SAPIENZA: When did you realize that you were first blowing up? Was there a specific moment?

RAG’N’BONE MAN: My pals would call me up. I have friends who live in Australia. They were working on a building site, and my friend called me up and said, “Dude, you’re playing on the radio in Australia four or five times a day. We’re building this house and we’ve got the radio on and [you’re] playing all day long.” That’s crazy because that’s the other side of the world. I would be driving through different places, like Belgium, and turning on the radio and I’m on the radio there. That was crazy for me, other countries playing me on the radio.

SAPIENZA: You have “soul” and “funk” tattooed on your hands, is that right?

RAG’N’BONE MAN: Yeah, that’s right.

SAPIENZA: I’m curious what your reason was for that. Does it have anything to do with Night of the Hunter?

RAG’N’BONE MAN: It came from when I was a kid. I come from a place called Brighton and there’s a motorbike rally that goes from London to Brighton every year. Bikers would always hang out at the pub near me, and I just always had a fascination with bikers having tattoos on their knuckles. The guys who drove Harleys would always have “love” and “hate” on their knuckles. It was kind of a fascination as a kid, and I thought it was the coolest thing in the world. I always thought, “When I’m older I’m going to get knuckle tattoos.” I couldn’t really get “love” and “hate” because I’m not actually a biker, and the guy who did my tattoos was like, “What do you like?” I was like, “Well, I like soul music.” He went, “What about ‘soul’ and ‘funk’?” I was like, “Yeah, that’s cool as fuck.”

SAPIENZA: Do you know fully where you want your sound to go from here?

RAG’N’BONE MAN: I never really thought I had one specific sound. I don’t know how you feel about the album or whether you’ve listened to it, but I feel like I just did a little bit of everything. It didn’t have one sound. That’s something I never wanted to do. I never wanted to have one sound. I want to pursue hip-hop a bit more on this next record, but then I also love folksy country music, because I grew up on Johnny Cash and people like John Prine and Bonnie Raitt. I don’t know exactly what I’m going to do next, but I know it’s going to be different. I never felt bound to one genre. I’ve put out quite a few projects, and none of them have been the same as the next one. I do intend for that to be the same with the next record.

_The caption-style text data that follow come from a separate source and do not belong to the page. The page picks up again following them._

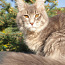 Монопородный питомник кошек породы Мейн-Кун (фото #3)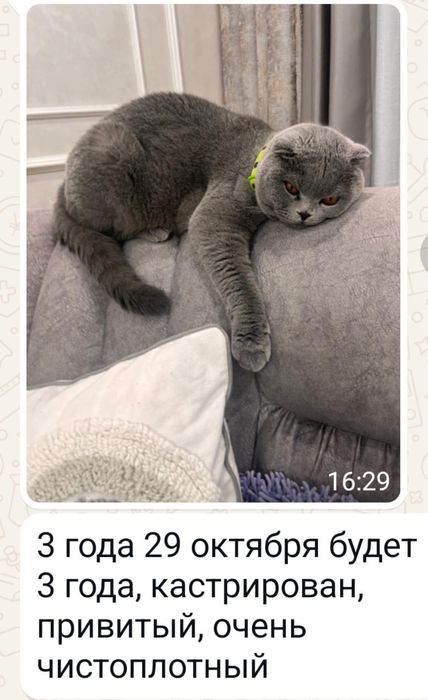 Отдам кота порода британская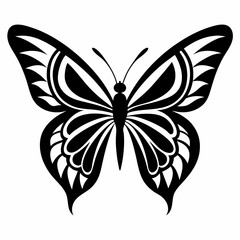 silhouette of a butterfly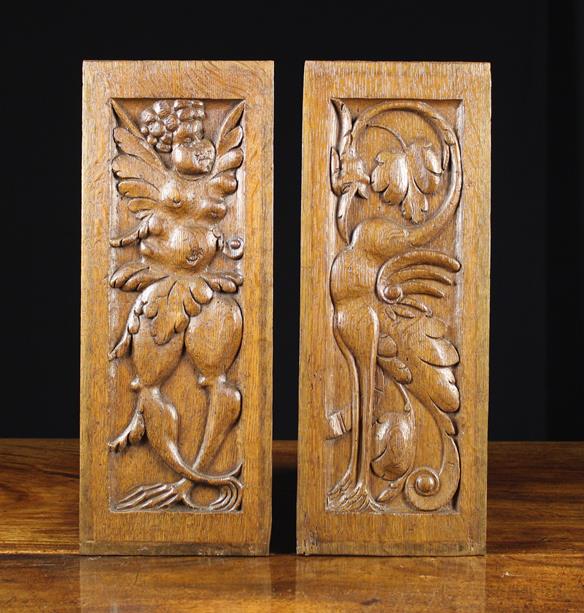 A Pair of 16th Century Oak Panels carved with zoomorphic creatures, 18" x 7" (46 cm x 18 cm).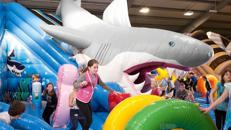 260 qm Shark Attack - Hairutsche - Active Center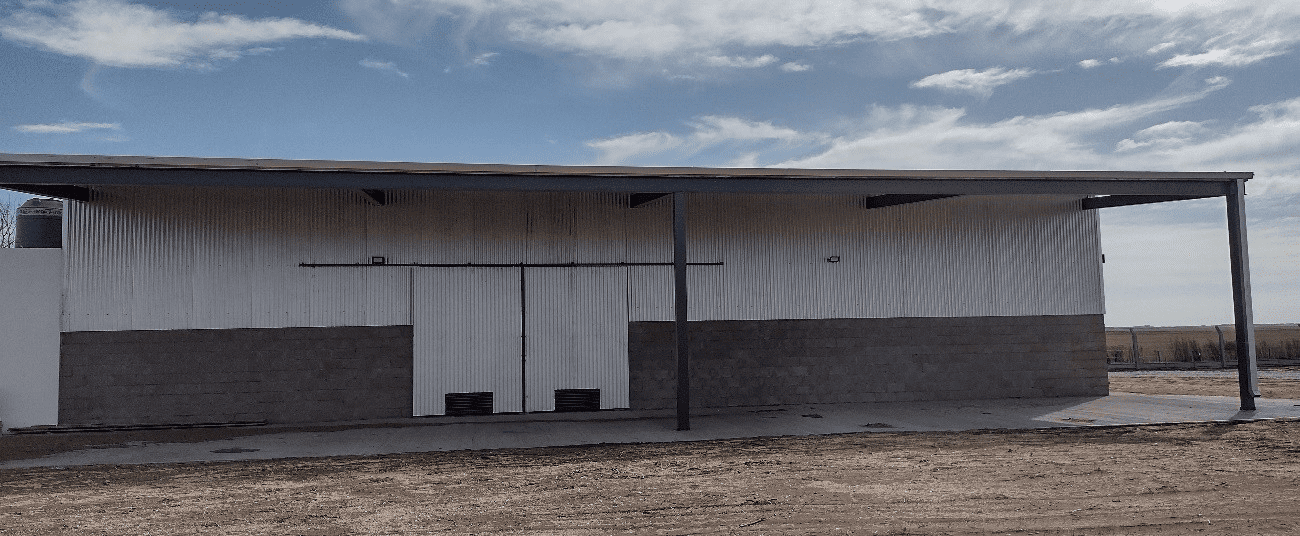 CAT SALIQUELLO - BUENOS AIRES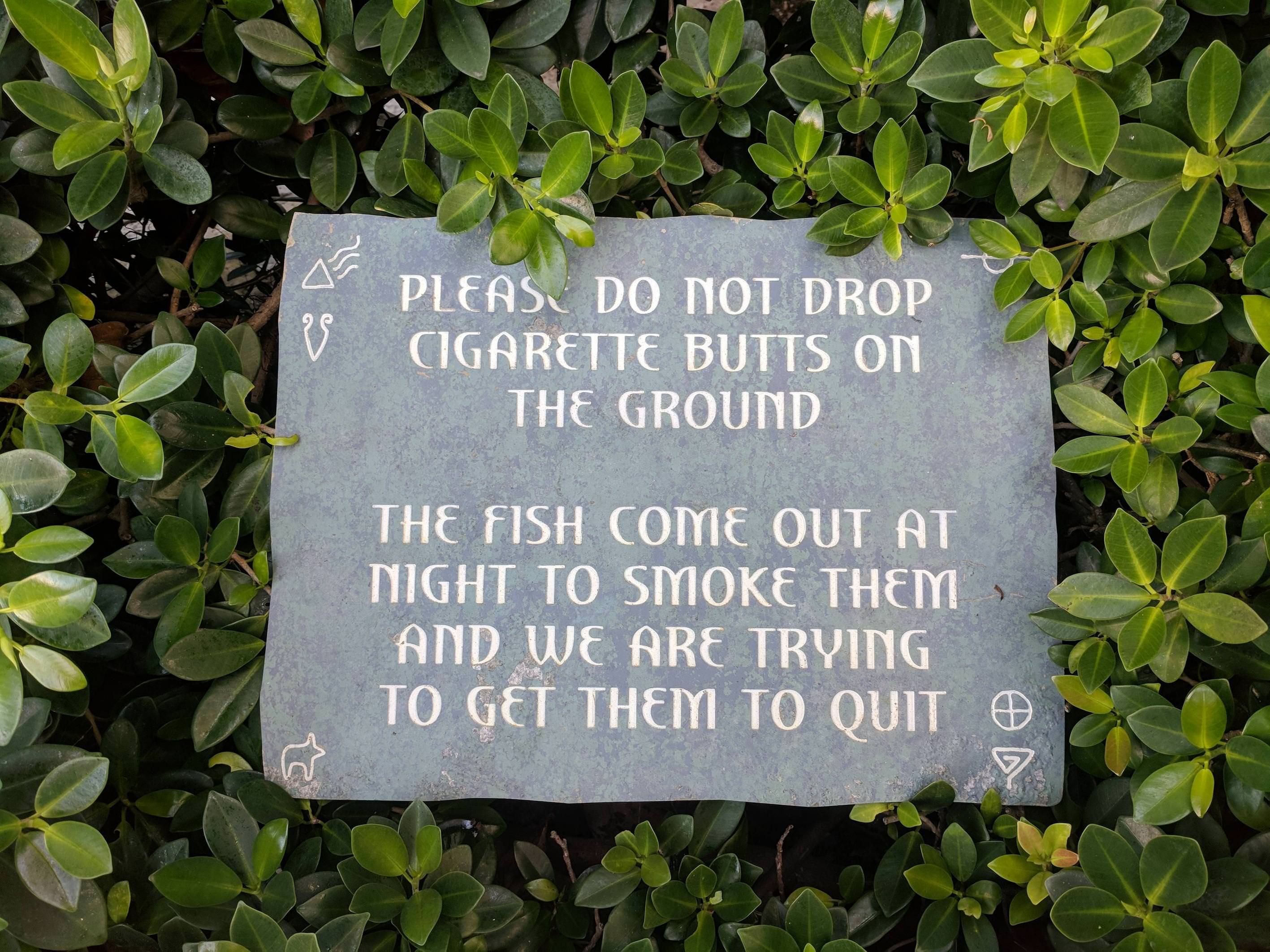 This sign I saw in the Bahamas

SAPIENZA: What did you want to be when you were five years old?

RAG’N’BONE MAN: Oh shit. [laughs] Probably a biker from Mars. I don’t really know. I don’t remember five years old. I’ve smoked a lot of weed in-between then and now. That’s a really hard question to answer.

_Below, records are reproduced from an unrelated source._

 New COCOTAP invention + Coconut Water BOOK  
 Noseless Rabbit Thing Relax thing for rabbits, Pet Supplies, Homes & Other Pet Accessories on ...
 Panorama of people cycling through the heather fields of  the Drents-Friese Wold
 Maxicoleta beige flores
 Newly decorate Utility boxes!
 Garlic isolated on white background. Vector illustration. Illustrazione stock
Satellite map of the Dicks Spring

SAPIENZA: If you weren’t doing music what do you think you’d be doing?

RAG’N’BONE MAN: Before music, I used to look after people with Down syndrome and autism. I was a carer for five, six years. Obviously I love music the most, but that was a fucking great job man. It was a really cool job. I used to have so much fun. At times I miss it. If I wasn’t doing music, then 100 percent I’d be doing that.

SAPIENZA: Do you feel like there’s anyone you’re singing to in particular?

RAG’N’BONE MAN: These days I feel like I’m singing to fans. That’s the most joy I get out of performing. I close my eyes a lot when I’m on stage because I get into it. I get mad into it, so I just shut my eyes quite a lot. I’ll open my eyes at points and I’ll see someone. You can almost see what’s going through their heads and how much a song might mean to someone. That’s the greatest thing. I feel like at those points I’m singing to those people. It’s fucking intense.